• **Brief**:
For the data below, retype word for word the lines from the one containing "Obito Mangekyou Eyes" through the one containing "Les Diablerets alkotó: Paul Signac"; drop the pictures.

• **Records**:
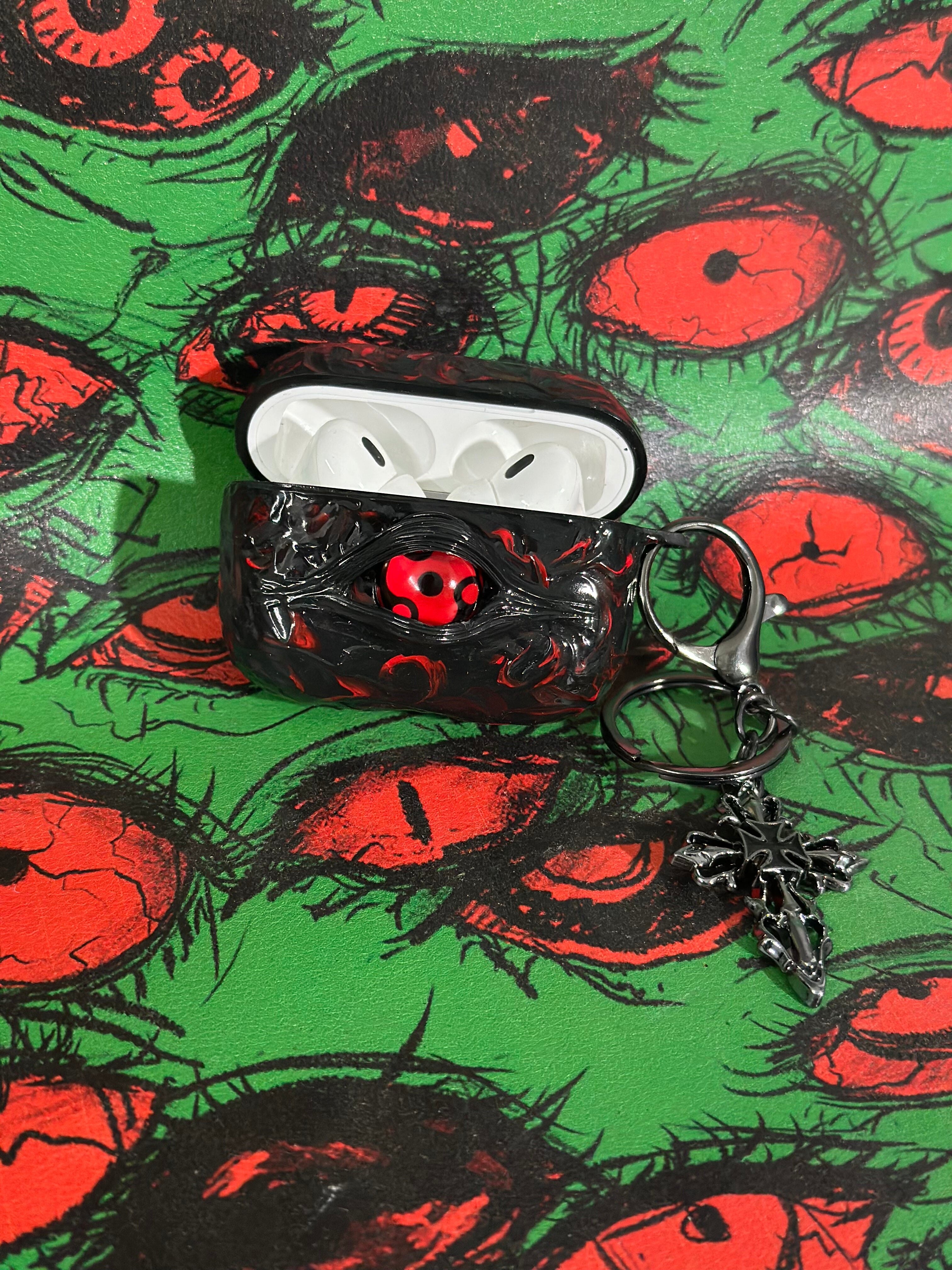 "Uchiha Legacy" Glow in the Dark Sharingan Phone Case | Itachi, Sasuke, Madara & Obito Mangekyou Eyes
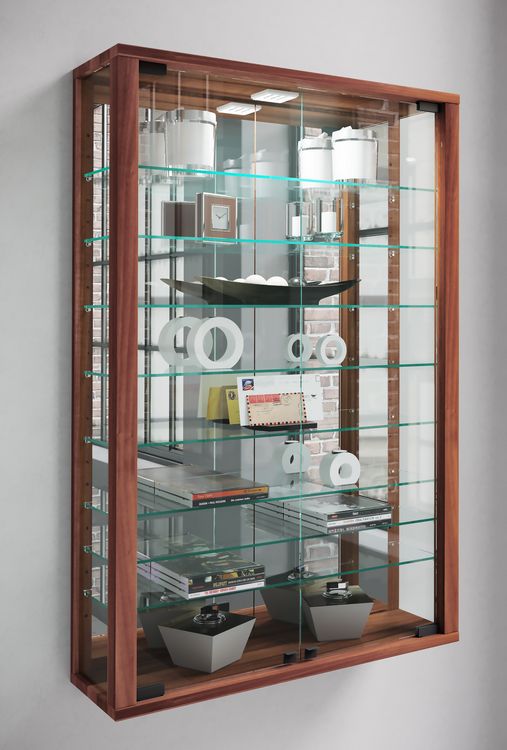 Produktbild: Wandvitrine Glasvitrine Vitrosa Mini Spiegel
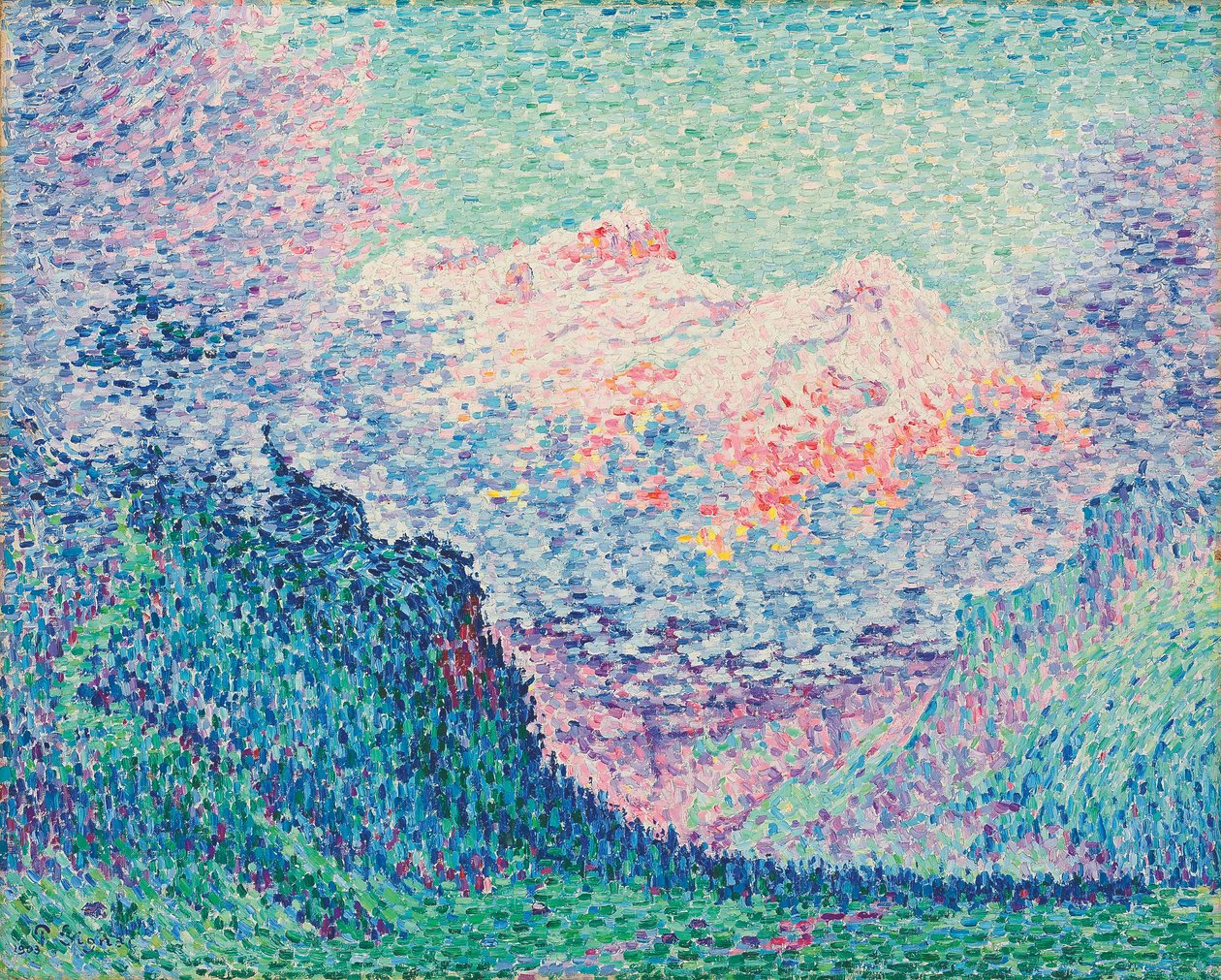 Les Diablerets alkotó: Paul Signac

---

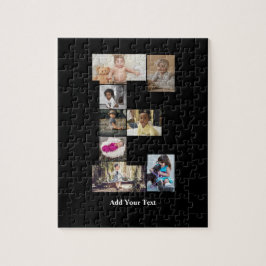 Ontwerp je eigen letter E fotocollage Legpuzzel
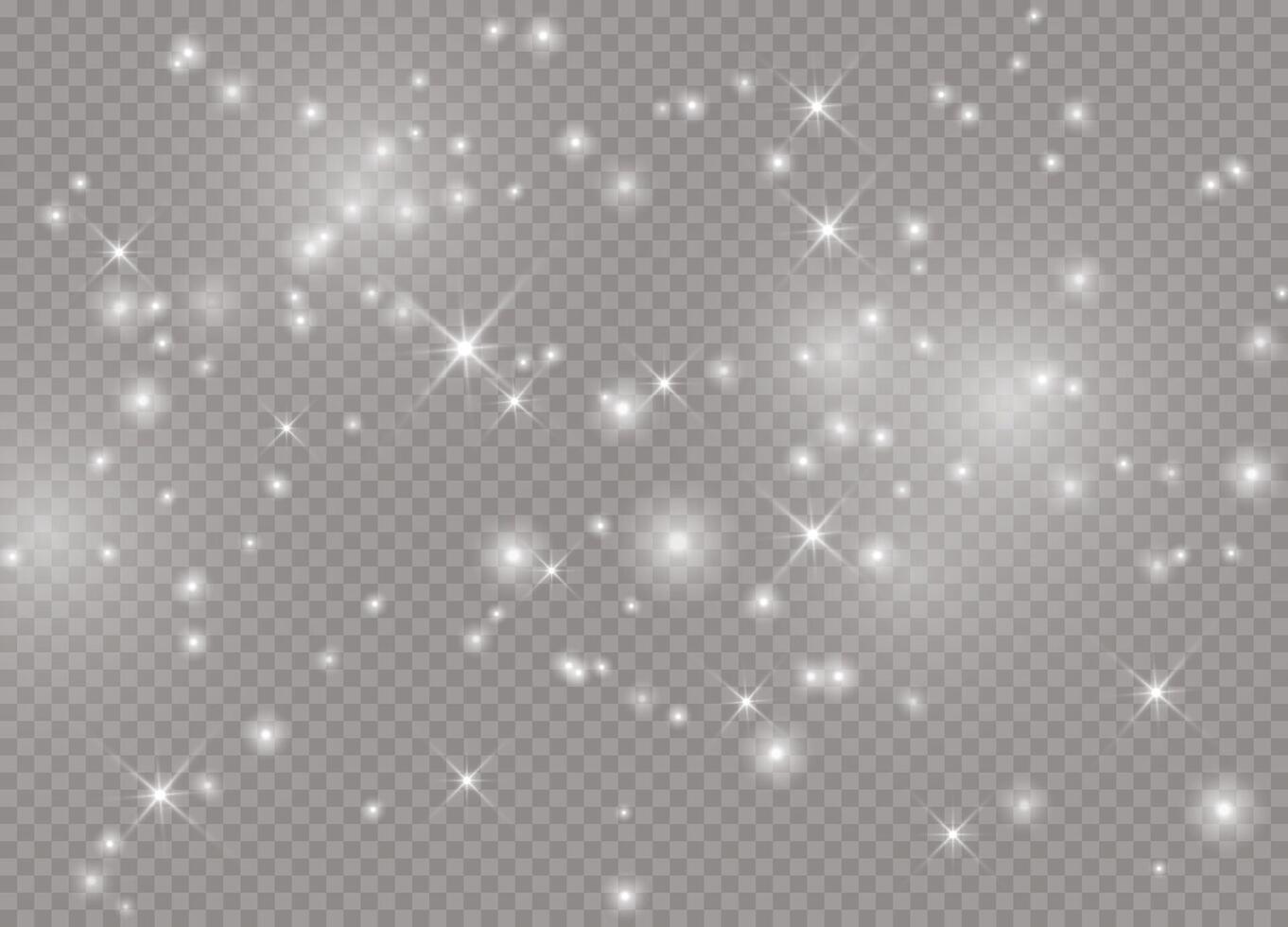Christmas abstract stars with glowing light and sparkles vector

• **Response to the task**:
 "Uchiha Legacy" Glow in the Dark Sharingan Phone Case | Itachi, Sasuke, Madara & Obito Mangekyou Eyes
 Produktbild: Wandvitrine Glasvitrine Vitrosa Mini Spiegel
 Les Diablerets alkotó: Paul Signac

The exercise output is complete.